Now I was ready to haggle with the cabbies. I asked the first one how much to the Feira: "Trente Reals" (pronounced "Hey-ice").
Me: (holding my chin and shaking my head) Trente? Hmmm. Nao, brigada.

$15 is too much for two blocks, so I go up to the next guy, and he says R25. Done. I am such the bargainer. I saved $2.50!

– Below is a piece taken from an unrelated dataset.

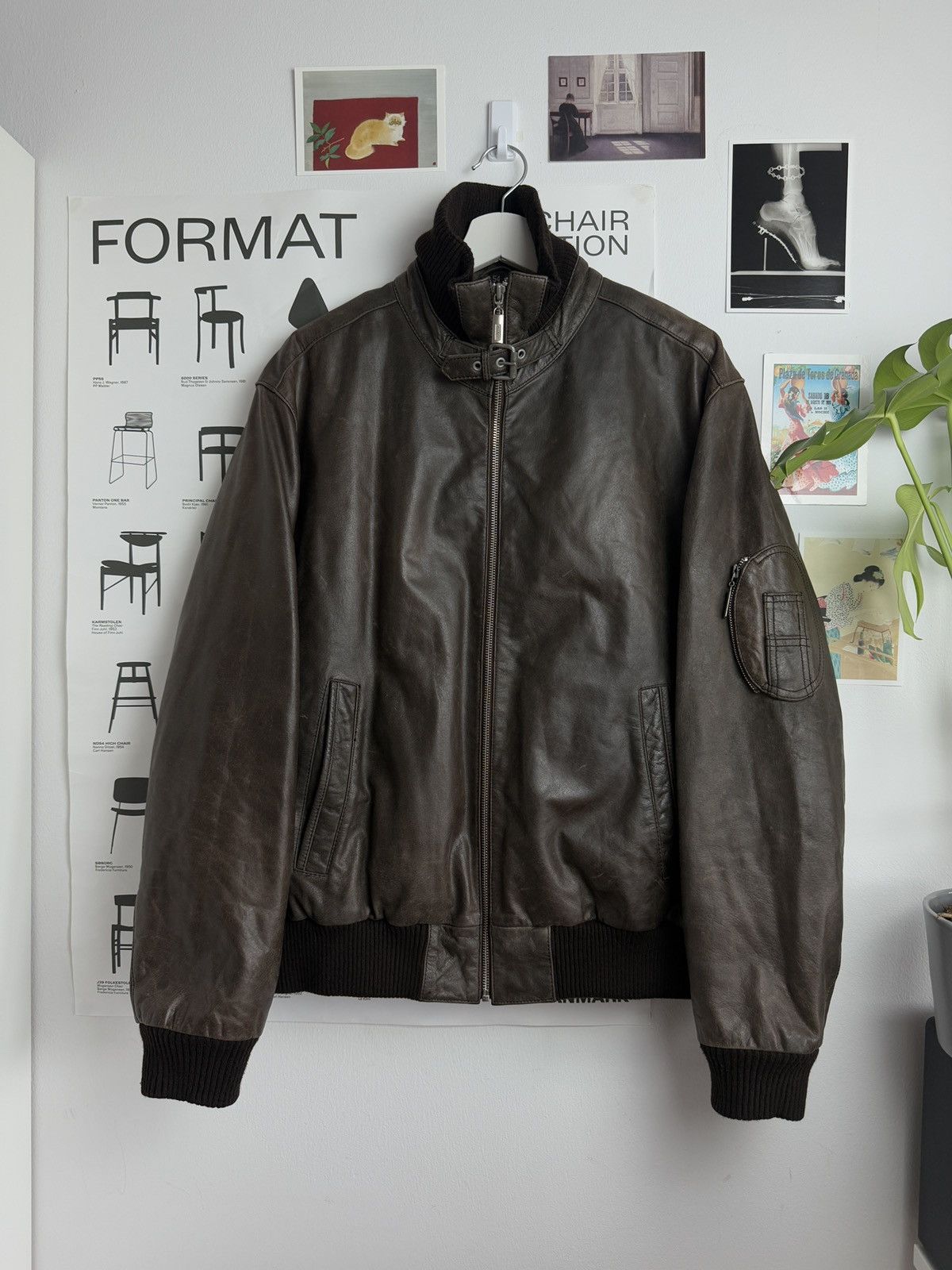 Vintage heavy boxy leather bomber jacket L archive army rare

Now let me tell you about the Feira Nordestina. It is basically a Brazilian version of a German beer festival. I got there at 10:30, when the 600+ stalls were just opening and the market was rousing from its sleep. They sell everything here, from spices and sides of beef and pork to clothes and hammocks and shoes and CDs. I tripped when I heard a dub of Rihanna's "Umbrella" in Portugese. Apparently on weekends this place is a 24 hour party, with bands and beer and cachasa flowing freely. Feeling a tad peckish, I saw what looked like kabobs with white rectangles of grilled mystery food skewered on them. I asked the woman if it was cheese, and it was, and I can never turn down cheese, especially if it is grilled with a nice char on it and spiced with oregano. It was tangy, like a lively mozzarella, and it just goes to show that you can never go wrong with cheese on a stick no matter where you are on the planet.

After a bit more exploring of the butcher booths and exotic, never seen before fruits and veg, I needed some lunch, so I got roped into a restaurant in the food court area. I could not read a damn thing on the menu, so I just pointed to the cheapest Fruta de Mar (seafood) dish and prayed. It was called camarao ao alho. I figured I could deal with mystery seafood better than mystery meat. Imagine my immense relief when they brought me a plate of nothing more than peel and eat shrimp, heads still on, stringy antenai still flapping, looking up at me with lifeless, stone dead black eyes. But damn were they good. They swam in butter and oil and were topped with toasted garlic and parsley and some tangy flavor I couldn't place. I made a royal mess of myself, getting oil everywhere so that I had to lick my fingers and smack my lips, savoring the flavor. It was only then that I read in my guidebook that Brazilians are not lax about table manners, and the stares I got, which I assumed were because I am white, were probably because I was eating like Animal from the Muppets. Way to represent, Kristin.

And the cab back to the bus station only cost me R6, so even with all my savvy bargaining, I still got taken for a ride, and not the good kind either. But that afternoon my bus left for Sao Joao with me on it, and I had survived a few hours in Rio on my own, and I think I'm in the clear on swine flu, so I wasn't feeling too bad about my skillz.